## Problem
Exactly the lines from the one holding "A delicious burger" through the end of the material below must be printed, nothing more, and the pictures must be dropped.

## Extracted data
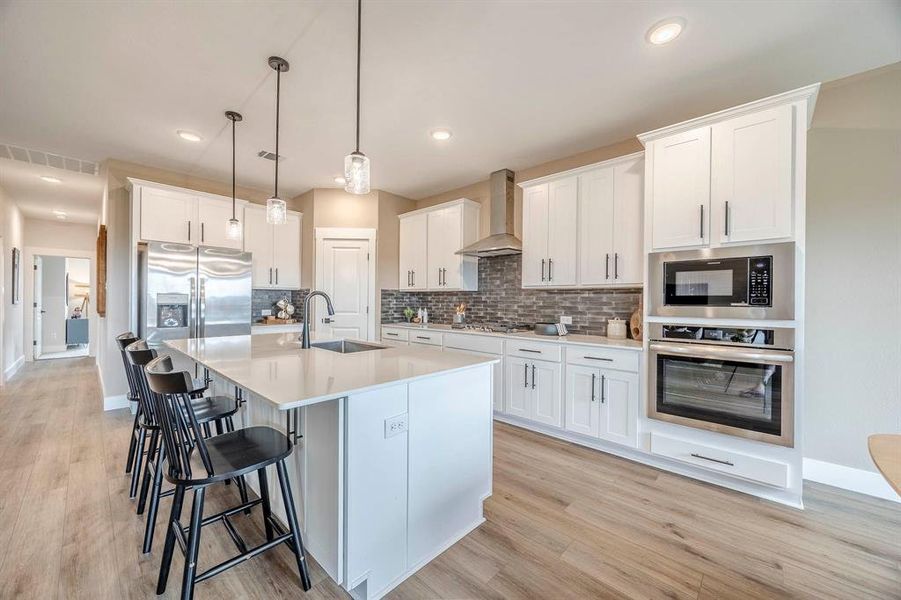 Kitchen featuring decorative backsplash, wall chimney exhaust hood, light hardwood / wood-style floors, sink, and stainless steel appliances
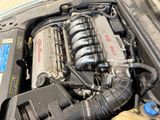 a picture of a car engine with its hood open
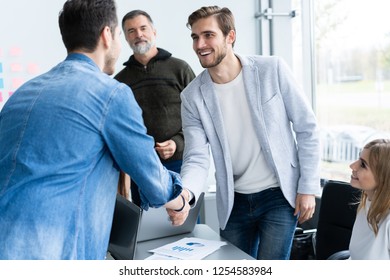 Business people shaking hands, finishing up a meeting. Handshake. Business concept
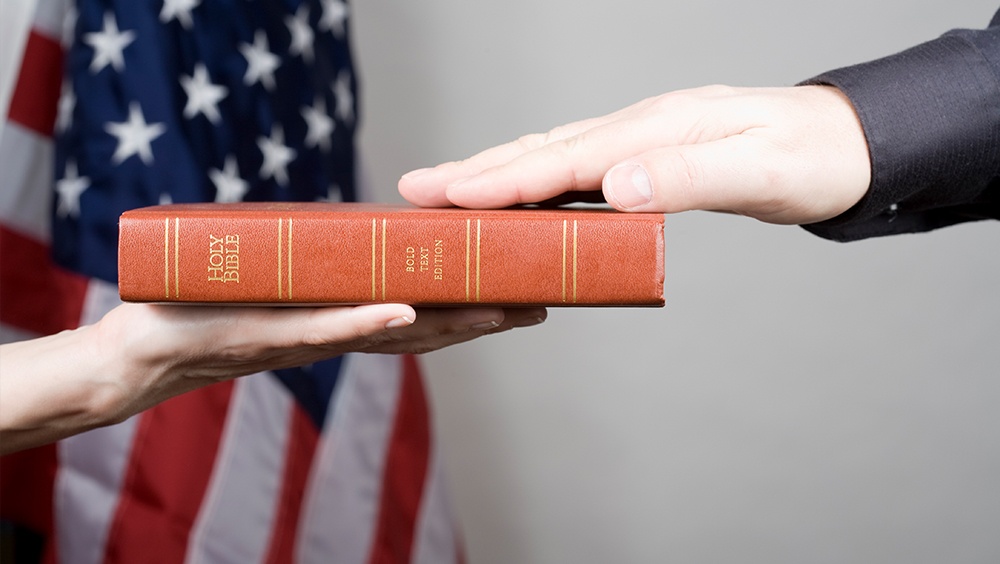 Close up of hand swearing on bible with american flag in background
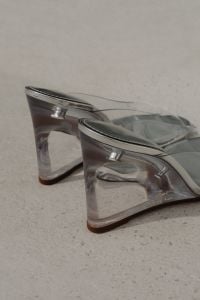 Kaboompics - Close-Up of Transparent Block Heels on a Pale Tile Floor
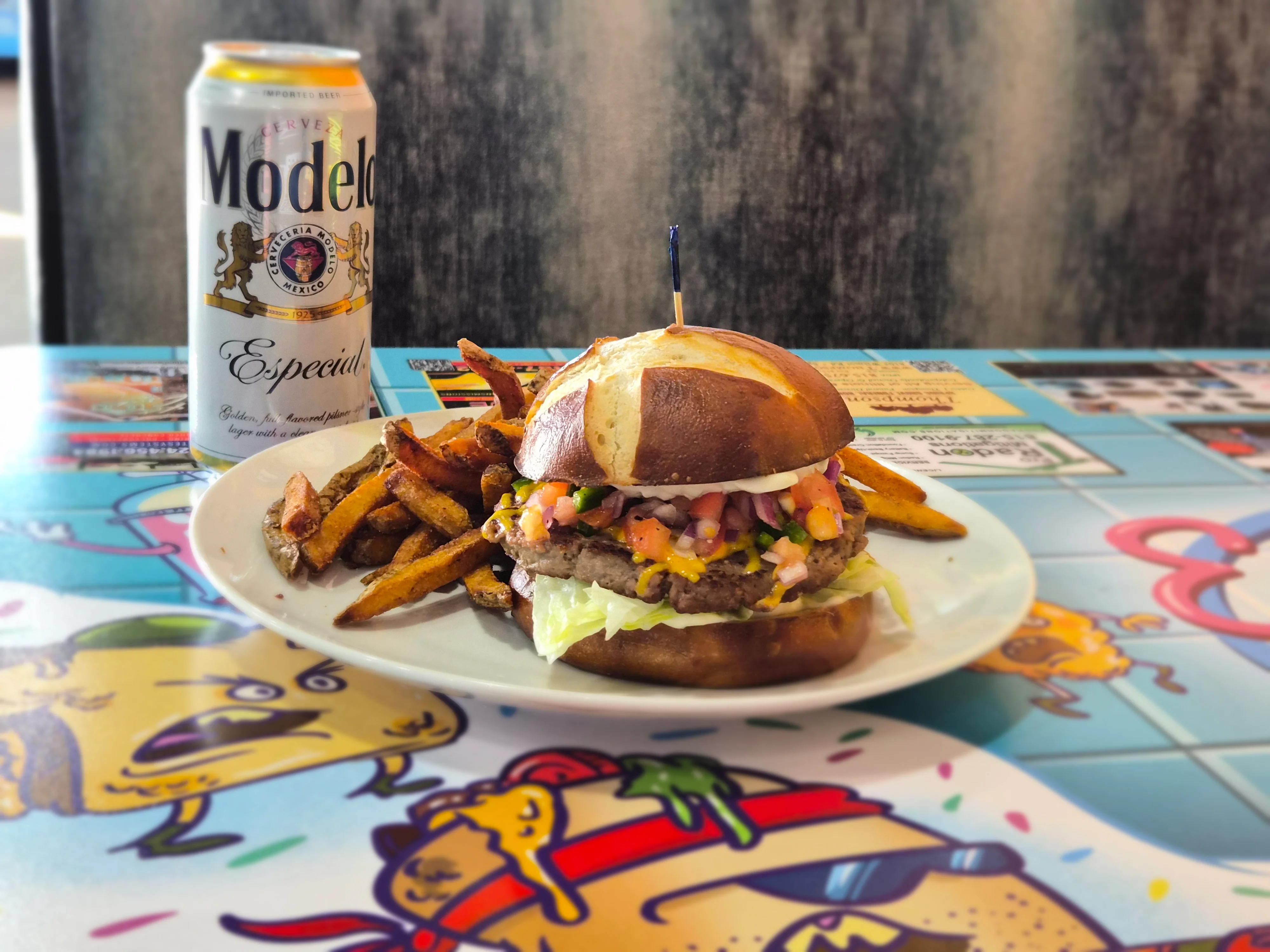 A delicious burger served with seasoned fries and a can of beer on a vibrant table cover.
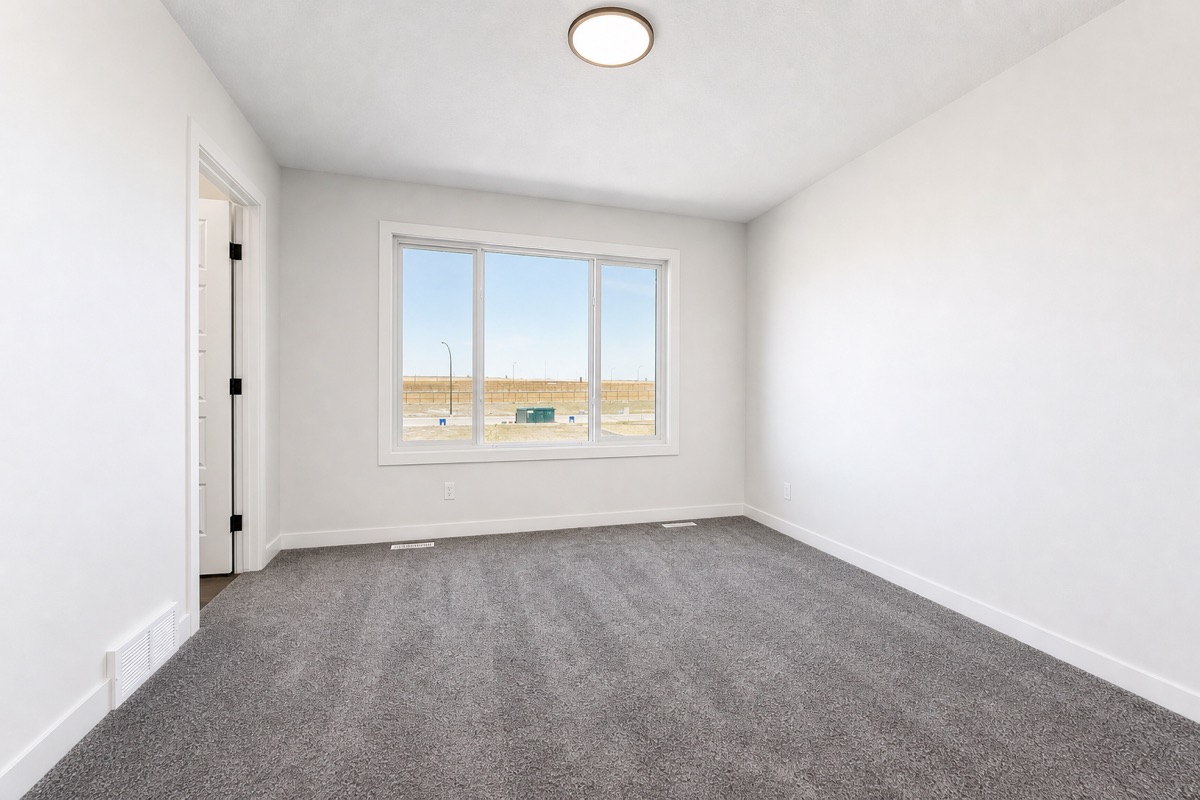 Bedroom with freshly vacuumed carpet and bright window after a NeatNow clean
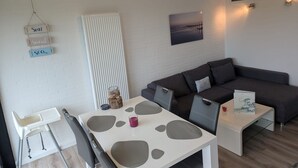 Ein modernes Wohnzimmer mit einem weißen Tisch, einem grauen Sofa und einem Fernsehgerät mit weißem Rahmen an der Wand.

## Result
 A delicious burger served with seasoned fries and a can of beer on a vibrant table cover.
 Bedroom with freshly vacuumed carpet and bright window after a NeatNow clean
 Ein modernes Wohnzimmer mit einem weißen Tisch, einem grauen Sofa und einem Fernsehgerät mit weißem Rahmen an der Wand.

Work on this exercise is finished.